> _ABOUT THIS EXERCISE_:
If a line in the entries below holds the string "Mercedes", copy it.

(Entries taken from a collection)
Start of Block

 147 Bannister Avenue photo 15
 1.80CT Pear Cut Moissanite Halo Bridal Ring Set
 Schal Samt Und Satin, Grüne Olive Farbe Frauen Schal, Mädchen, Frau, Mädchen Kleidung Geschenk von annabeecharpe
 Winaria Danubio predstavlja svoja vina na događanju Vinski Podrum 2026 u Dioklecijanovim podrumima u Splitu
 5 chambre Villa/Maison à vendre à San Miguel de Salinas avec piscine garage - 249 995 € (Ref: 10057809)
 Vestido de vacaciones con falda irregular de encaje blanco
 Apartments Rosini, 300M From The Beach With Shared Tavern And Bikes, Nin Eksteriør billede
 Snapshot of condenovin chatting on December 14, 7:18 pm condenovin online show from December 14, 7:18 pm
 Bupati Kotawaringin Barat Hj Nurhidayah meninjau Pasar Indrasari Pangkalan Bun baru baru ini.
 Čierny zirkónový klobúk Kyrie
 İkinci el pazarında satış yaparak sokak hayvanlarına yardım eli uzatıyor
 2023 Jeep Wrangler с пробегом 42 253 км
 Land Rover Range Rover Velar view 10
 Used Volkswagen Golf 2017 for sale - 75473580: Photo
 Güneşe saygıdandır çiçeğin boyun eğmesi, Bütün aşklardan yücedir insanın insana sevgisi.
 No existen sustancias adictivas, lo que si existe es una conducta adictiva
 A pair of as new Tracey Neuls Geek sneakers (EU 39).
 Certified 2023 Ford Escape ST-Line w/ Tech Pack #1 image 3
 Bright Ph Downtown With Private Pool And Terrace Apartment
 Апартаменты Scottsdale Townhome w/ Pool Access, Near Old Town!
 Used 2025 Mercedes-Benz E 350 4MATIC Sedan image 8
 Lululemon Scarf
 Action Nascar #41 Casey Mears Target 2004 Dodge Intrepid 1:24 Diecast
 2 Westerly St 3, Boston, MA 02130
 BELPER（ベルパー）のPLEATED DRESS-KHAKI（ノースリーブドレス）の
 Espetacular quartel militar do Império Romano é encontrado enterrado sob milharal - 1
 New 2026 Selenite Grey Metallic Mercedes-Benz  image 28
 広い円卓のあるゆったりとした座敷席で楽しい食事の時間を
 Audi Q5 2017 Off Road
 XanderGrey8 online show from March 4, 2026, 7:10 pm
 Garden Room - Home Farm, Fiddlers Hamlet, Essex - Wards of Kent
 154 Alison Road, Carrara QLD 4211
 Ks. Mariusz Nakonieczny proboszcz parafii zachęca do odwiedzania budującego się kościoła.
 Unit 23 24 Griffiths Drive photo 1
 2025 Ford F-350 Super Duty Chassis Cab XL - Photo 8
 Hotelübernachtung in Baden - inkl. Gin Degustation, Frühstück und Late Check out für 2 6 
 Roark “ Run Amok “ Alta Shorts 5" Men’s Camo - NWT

End of Block

> _RESULT_:
 Used 2025 Mercedes-Benz E 350 4MATIC Sedan image 8
 New 2026 Selenite Grey Metallic Mercedes-Benz  image 28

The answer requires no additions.